Chaining data loaders - Githubissues

Fil commented 7 months ago

Suppose we want to 1. download a dataset from an API and 2. analyze it. Currently a data loader must do both at the same time, and will run the download part again if we update the analysis code.

Ideally we'd want to separate this into two chained data loaders, that would still be live, i.e. if a page relies on 2 that relies on 1, editing 1 would tell the page to require the analysis again, which would trigger a new download. But editing 2 would only run the analysis again, not the download.

This would also make it easier to generate several files from a common (and slow) download.

mbostock commented 7 months ago

From https://github.com/observablehq/cli/pull/325#issuecomment-1842916117:

Tthe API for chaining loaders isn’t really about FileAttachment since data loaders can be written in any language. Instead a data loader needs to be able to fetch a file from the preview server (and we need an equivalent server during build). Maybe we set an environment variable which data loaders can read to know the address of the preview server. We’d also need to detect and error on circular dependencies ideally.

mythmon commented 5 months ago

I've been working on a small project to get some first hand experience with the CLI. In it I'm downloading a zip file from some hobbyist website, extracting couple dozen text files, and then running them through a custom parser. Parsing them takes about 30 seconds, which is a bit longer than I want to do in the markdown file. I'm iterating on the parser itself, so I'm re-running it every few minutes.

The options I see for my case are:

Do everything in one data loader, and naively download the zip every time. That seems rude to the small site.
Do everything in one data loader, and implement my own caching functionality. This seems tedious and exactly what I'd want a data loader to do for me.
Run the parser in the client. This feels slow, though it is nice for development to see the data load in as it generates.
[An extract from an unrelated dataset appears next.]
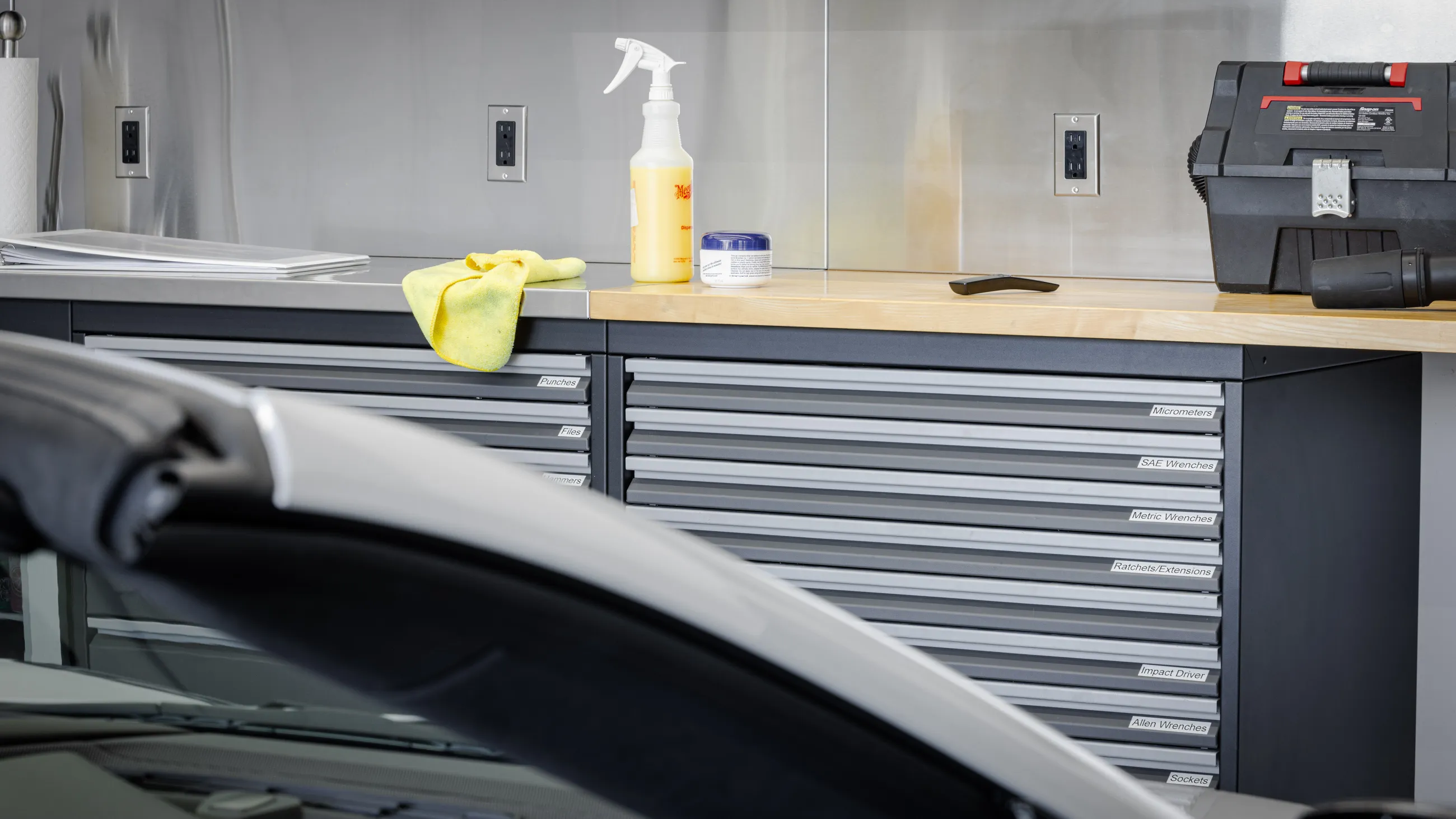 Premium garage cabinet workstation featuring Baldhead Cabinets’ durable steel drawers, labeled for organized tool storage including micrometers, SAE and metric wrenches, and sockets. Clean stainless steel backsplash, butcher block countertop, and detailing supplies highlight a high-end automotive workshop setup.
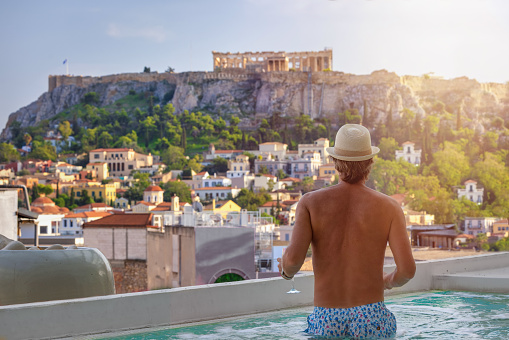 A tourist man in a swimming pool enjoys the view over the old town of Athens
From this, I have two wish list items. One is chained data loaders, the other is incremental data loaders that can somehow stream their results in to the client. I don't really know how that would work, and it's probably better suited for Notebooks anyways.

I can sympathize with wanting data loaders to be in any language, but it is very jarring to go from writing my code in a JS fenced code block script and having it work easily, to working in a .json.js data loader and suddenly all of my imports break and I lose all of the nice tools I was using a moment ago. It makes me feel like to properly use Observable CLI I need to be fluent in three varieties of JS: Markdown code blocks, browser imports, and file attachments.

Perhaps once we have the server-based dataloader workflow that Mike mentioned, we could then wrap that in a FileAttachment facade that makes it feel just like it does in Markdown files.

Fil commented 5 months ago

@mythmon FileAttachment supports streaming, see https://observablehq.com/@observablehq/streaming-shapefiles

trebor commented 5 months ago

an example of the use case in the chess bump chart example. any changes to the data transformation in the data loader require a full download of all of the data.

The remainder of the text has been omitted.